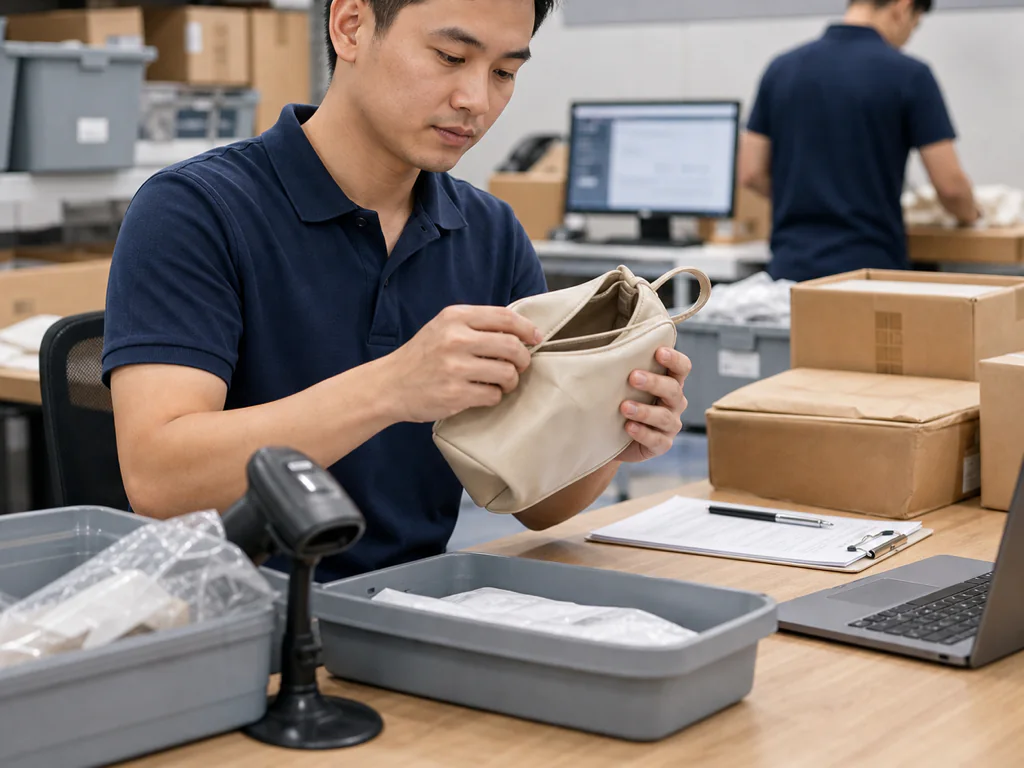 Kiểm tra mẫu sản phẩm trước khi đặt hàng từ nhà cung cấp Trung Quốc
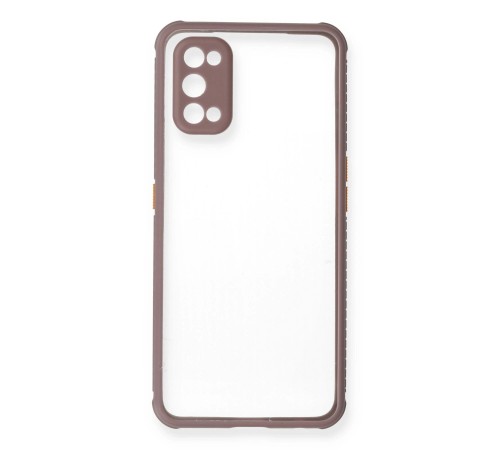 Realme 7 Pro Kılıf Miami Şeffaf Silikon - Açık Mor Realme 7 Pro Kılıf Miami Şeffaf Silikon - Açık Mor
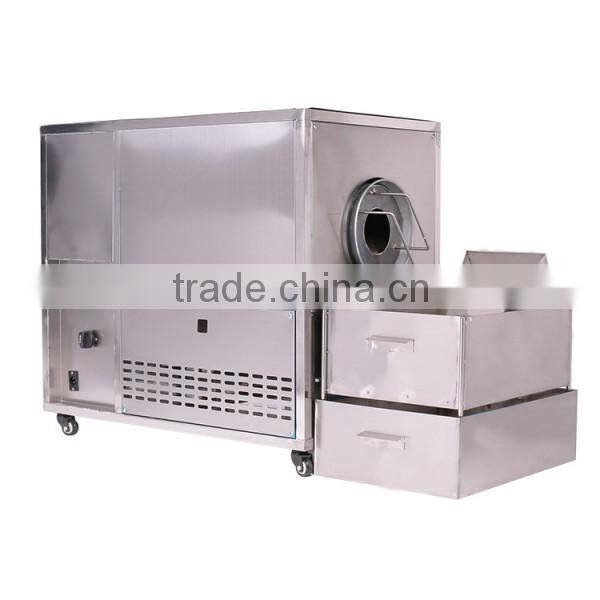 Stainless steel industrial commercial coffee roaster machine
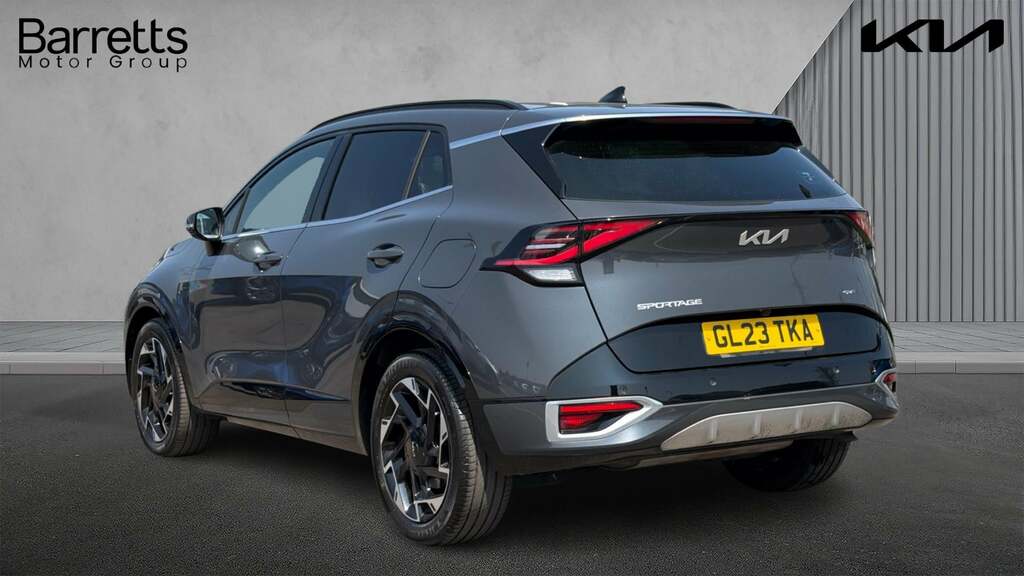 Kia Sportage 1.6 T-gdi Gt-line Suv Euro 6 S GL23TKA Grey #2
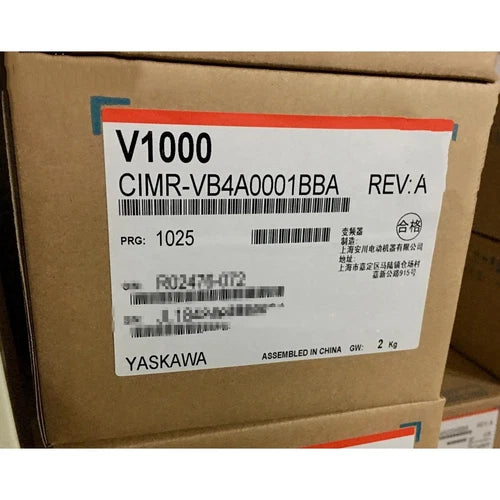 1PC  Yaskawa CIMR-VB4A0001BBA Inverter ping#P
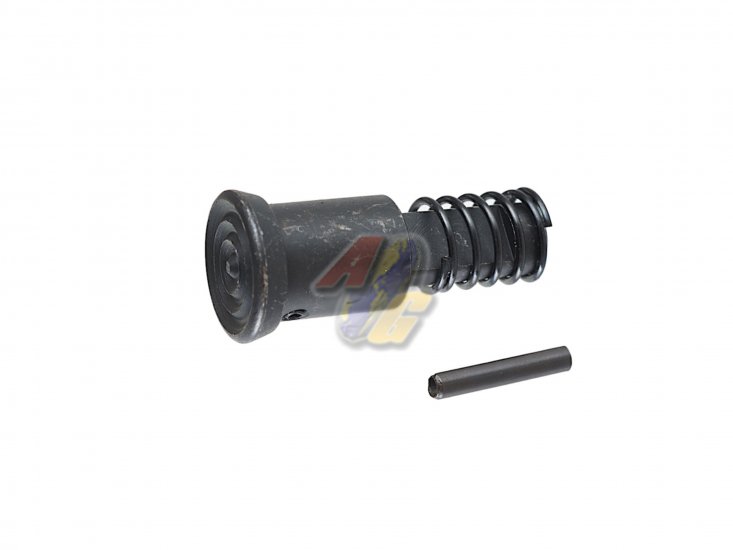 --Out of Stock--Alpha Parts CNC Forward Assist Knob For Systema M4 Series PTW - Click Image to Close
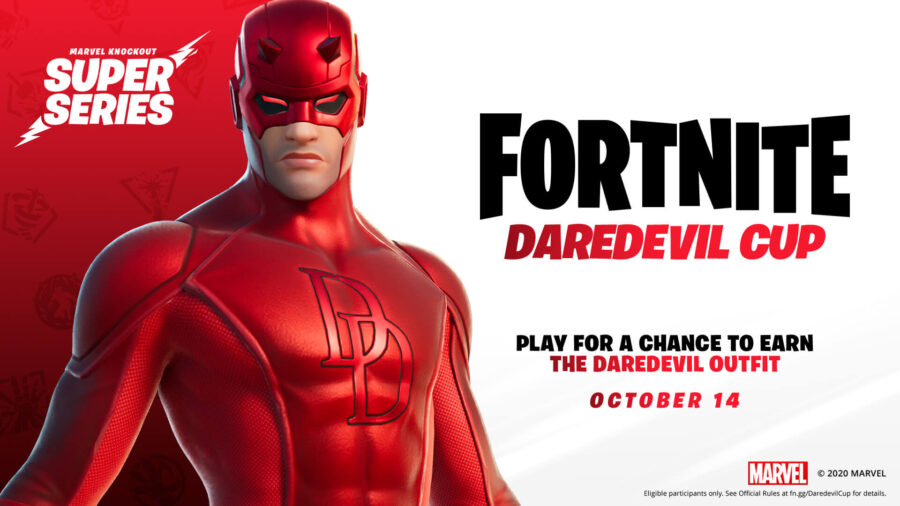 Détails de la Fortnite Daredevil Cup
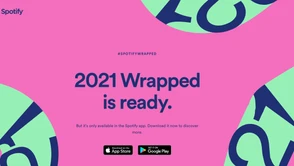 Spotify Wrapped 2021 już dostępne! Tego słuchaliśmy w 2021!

==

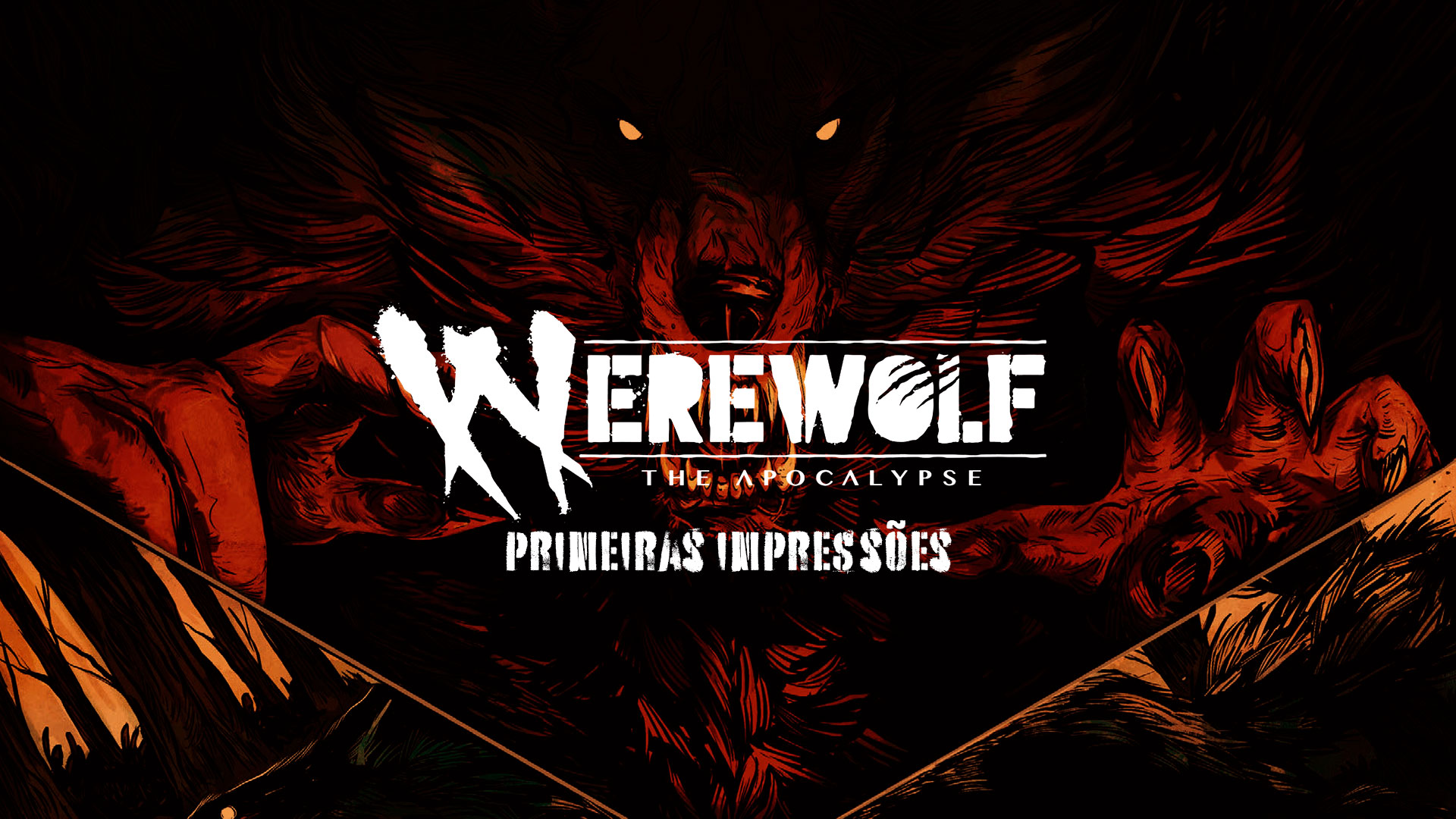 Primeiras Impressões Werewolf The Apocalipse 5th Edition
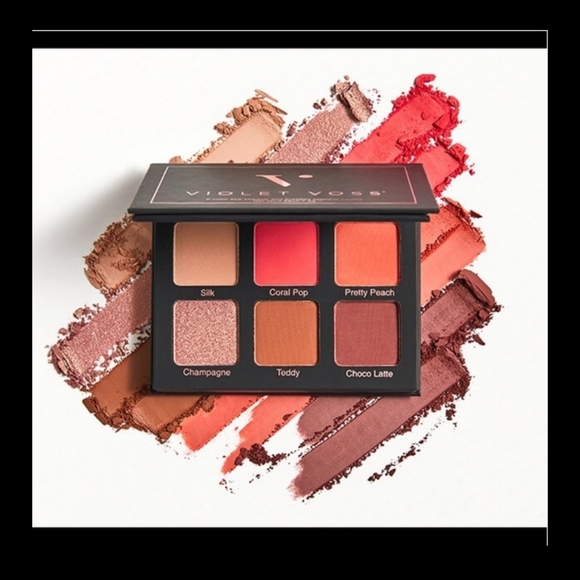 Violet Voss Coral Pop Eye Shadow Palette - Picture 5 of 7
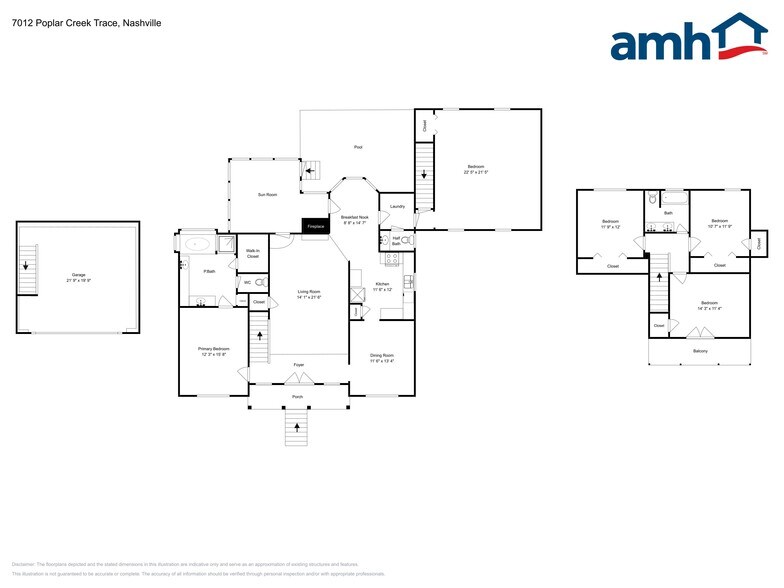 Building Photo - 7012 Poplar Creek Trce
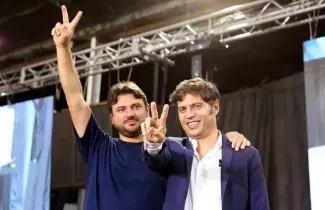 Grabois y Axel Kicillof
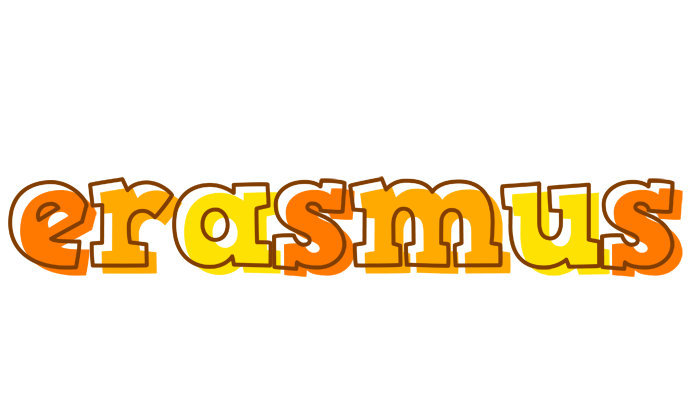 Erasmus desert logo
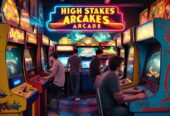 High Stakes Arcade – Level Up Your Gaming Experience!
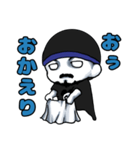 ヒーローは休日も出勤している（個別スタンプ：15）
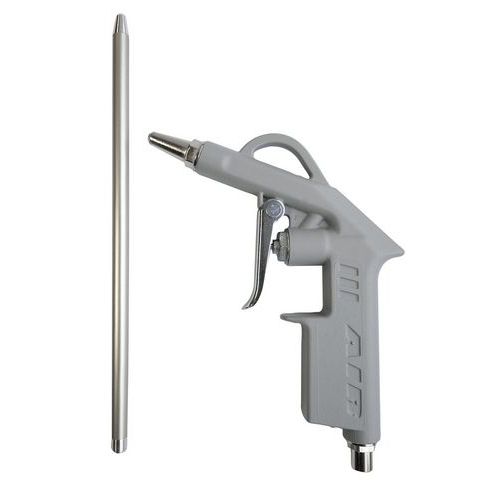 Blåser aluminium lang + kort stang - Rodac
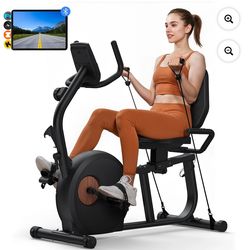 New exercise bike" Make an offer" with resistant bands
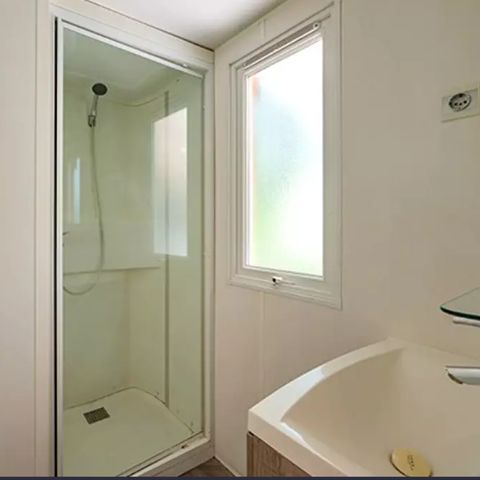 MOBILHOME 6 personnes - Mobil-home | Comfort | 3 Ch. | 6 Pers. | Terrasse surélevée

# Your task
In the material above, the stretch from the line with "Building Photo - 7012 Poplar Creek Trce" through the line with "MOBILHOME 6 personnes" is to be given again exactly, minus the pictures.

# Result of the task
 Building Photo - 7012 Poplar Creek Trce
 Grabois y Axel Kicillof
 Erasmus desert logo
 High Stakes Arcade – Level Up Your Gaming Experience!
 ヒーローは休日も出勤している（個別スタンプ：15）
 Blåser aluminium lang + kort stang - Rodac
 New exercise bike" Make an offer" with resistant bands
 MOBILHOME 6 personnes - Mobil-home | Comfort | 3 Ch. | 6 Pers. | Terrasse surélevée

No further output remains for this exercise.